If you tell the truth, you don’t have to remember anything.

—Mark Twain

Introduction

Spaced is a Python library that recommends when a student should study. It provides cognitive training schedules that over time will adapt to the behaviours of the student.

Spaced suggests training dates which gradually become more dispersed from each other over time. If you train in such a way, you end up remembering more than you would if you put the same amount of attention into your studies over a short duration (say, through intense cramming sessions).

This spacing effect was discovered by the German psychologist Hermann Ebbinghaus in the 1880s.

The algorithm used by spaced, is a mash-up of a spaced-learning-algorithm with a simple control system and a lightweight machine learning routine. It provides training date suggestions, which become less frequent over time while being responsive to what a student actually does.

You can use the results of one training session to feed in better expectations about how a student remembers and how they forget for their next session.

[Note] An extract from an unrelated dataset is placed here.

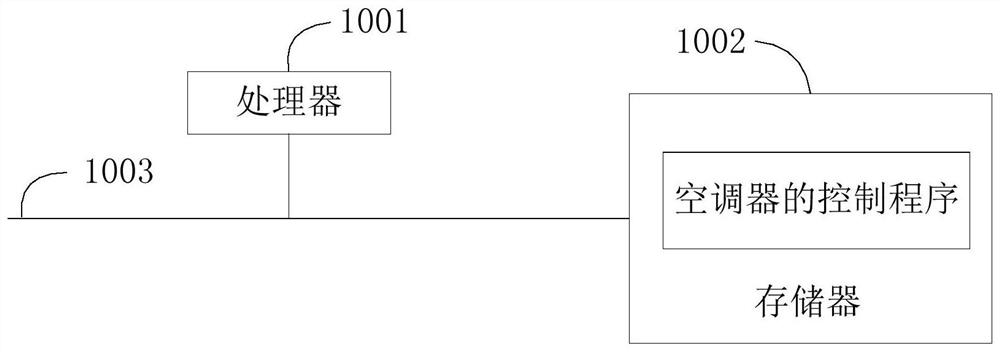 Control device of air conditioner, air conditioner and control method thereof, and readable storage medium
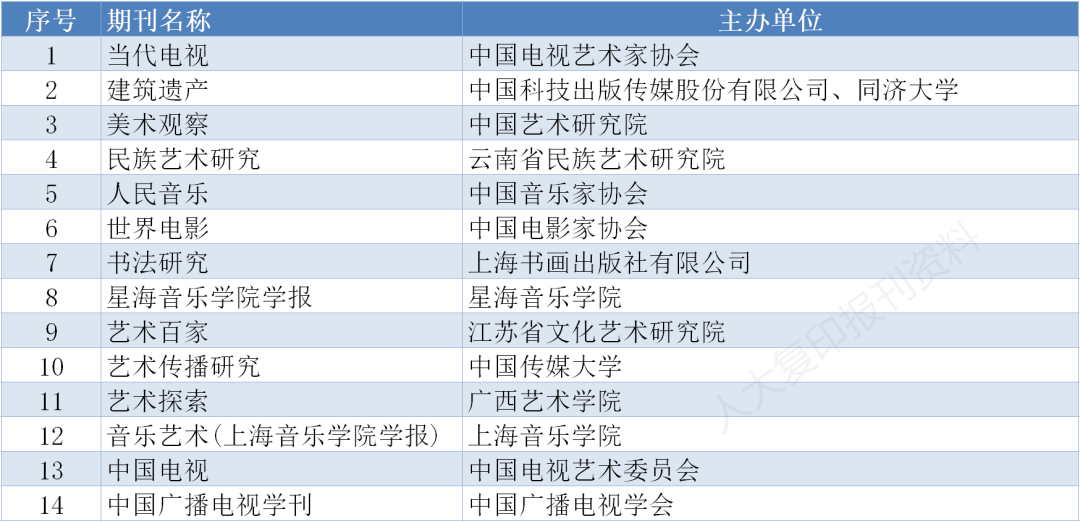 存好备用｜南大核心CSSCI最新版完整名单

In this way, the spaced schedules are adaptive and will become more useful for the student as they interact with the system; spaced helps the student learn, and it learns from the student as they engage with their education.

The spaced package can provide graphs and video feedback to give insights on how a student is responding to their training over time. This is useful if you want to get an intuitive feel about the relationship between a student’s attention and how they are responding to their training. These graphs may provide insights into the quality of the material, how distracted the student is or isn’t, how fast they remember over the longer term and how fast they forget over the short-term.

If you don’t need to drill down to this level of detail, you can used the spaced algorithm in a less computer-memory-intensive way, by just making predictions about a memory and getting the next schedule time for training.

The spaced package can track a memory indefinitely.